You may not be able to save an infected fish, but you can save your fish community from falling prey to the disease.
Read on to learn what the neon tetra disease is, how it is transmitted from one source to another, how it came to be so popular and fatal, and how to treat fish afflicted by the disease. Get to learn of all the symptoms you should keep an eye on and deal with as soon as possible.
How the Neon Tetra Disease Affects Fish
So, what is the neon tetra disease?
It is not a disease that only affects neon tetras, however, it is more prominent in this species and other types of tetras.
The Neon Tetra disease, also known as the pleistophora disease, is caused by microsporidian parasite spores from the Pleistophota hyphessobryconis parasite.
These are tiny spore-forming parasites that cause a lot of untreatable diseases whose symptoms can be similar to those of mycotic diseases of fish.
These spores are spread from the parasites to new fish in a few ways:
- Fish eat live foods that are infected with the spores or the parasites themselves
- Fish can also get the disease when they eat other fish that are already infected
- Infected fish spread the disease to other fish through birth, contact with damaged skin, or bodily contact with gills.
The Pleistophora hyphessobryconis spores infect the skeletal muscle tissue of the fish, which almost immediately dies off, leading to the development of cysts (big whitish lumps), emaciation, and ultimately death.
Infected fish may display symptoms such as loss of color, loss of appetite, decreased activity levels, and curved or deformed spines. As the disease progresses, the infected fish may become emaciated and eventually die.
According to a case study on the mortality of neon tetras after infection, it was discovered that heavy infections caused by the Pleistophora parasite resulted in visible whitish patches beneath the skin as muscle fibers are replaced.
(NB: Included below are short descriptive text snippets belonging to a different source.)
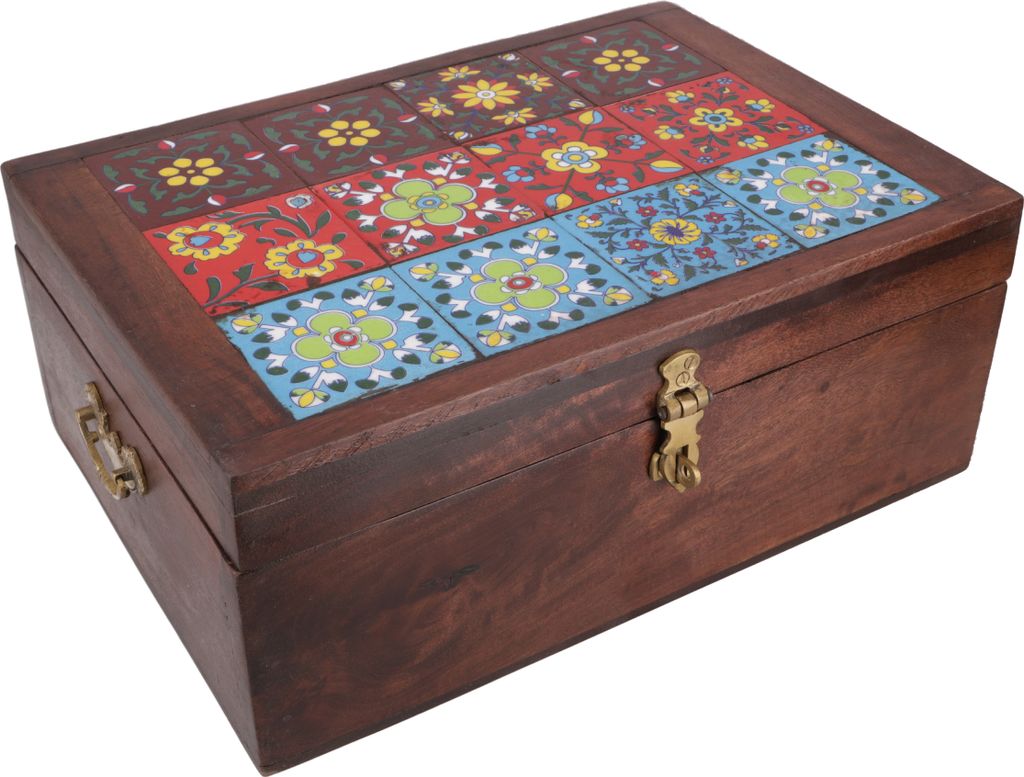 Rustikale Kleine Schatztruhe, Holzschachtel, Schmuckdose mit Eingelassenen Fliesen - Modell 1, Braun, 14*35*25 cm, Dosen, Boxen & Schatullen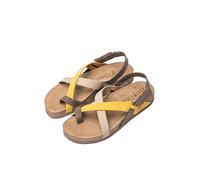 Yokono Sandalias planas de mujer de piel JERBA-718 AMARILLO | Zapatos mujer Primavera-Verano | Piel vacuna Nobuck | 2 CM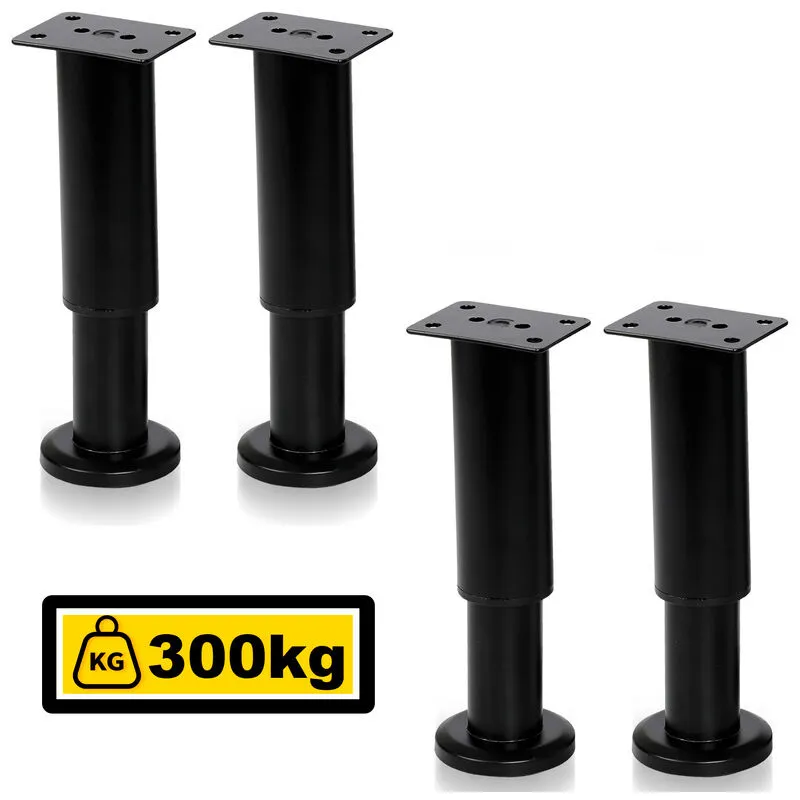 Swanew - 4X Piedi per mobili 12-18cm estensibili (nero) Piedini per zoccolo Gamba di sostegno Gamba per mobile Piedini per zoccolo per hotel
The life cycle of microsporidians typically involves three phases:
- infectivity, during which the spores are injected into a host cell through polar tube extrusion
- proliferation, or merogony, where the number of certain cells rapidly increases, causing cell division and cell growth.
- Sporulation, or sporogony, this is the final stage where more and more spores get formed causing more division into a huge number of small spores
In the study, the fish’s muscle fibers were found to contain anywhere from 2 to 30 parasites in different stages of development, including spore vessels containing spore mother cells and more mature spores.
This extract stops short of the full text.